The high level of involvement in politics among Patriot Movement members should not be a surprise, as they are mobilized political actors with an action orientated ideology. Although some Patriot Movement members have crossed into political violence with acts of domestic terrorism, something that cannot be tolerated in a democracy, the wider movement’s commitment to community and civic engagement should serve as a wakeup call for those more moderate populations. Simply put, Patriot Movement members are out-participating the average American.

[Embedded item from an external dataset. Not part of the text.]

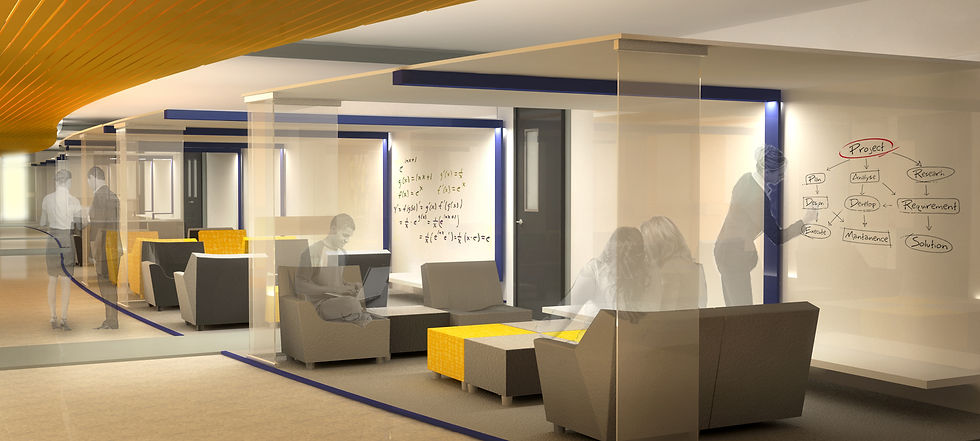 Group Study Area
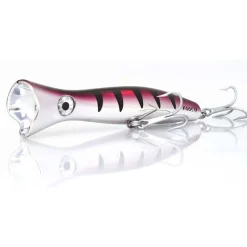 Leurre mer de surface popper halco roosta pop 160 16cm 78g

Two points emerge from this research that the average American should consider. First, the mere fact that Patriot Movement members are so active and engaged in improving their communities should inspire respect. They may be ideological extremists, but they are doing more in the name of civic engagement and political action than most. Second, they are filling the void left by those who are disillusioned, disengaged, and bewildered with the current political environment. The Trump Administration’s decision to shrink the Bears Ears National Monument, roll back gun regulations, and de-fund the Department of Homeland Security’s Countering Violent Extremism program geared toward combating far-right political violence are all key agenda items for the Patriot Movement. Although it is impossible to document a direct link between the extraordinary levels of civic engagement among Patriot Movement members and these policy gains, it would be unwise to assume the two are unrelated. After all, civic engagement tends to yield political influence. Those who dismay in these outcomes might take a moment to learn from the Patriot Movement membership’s example.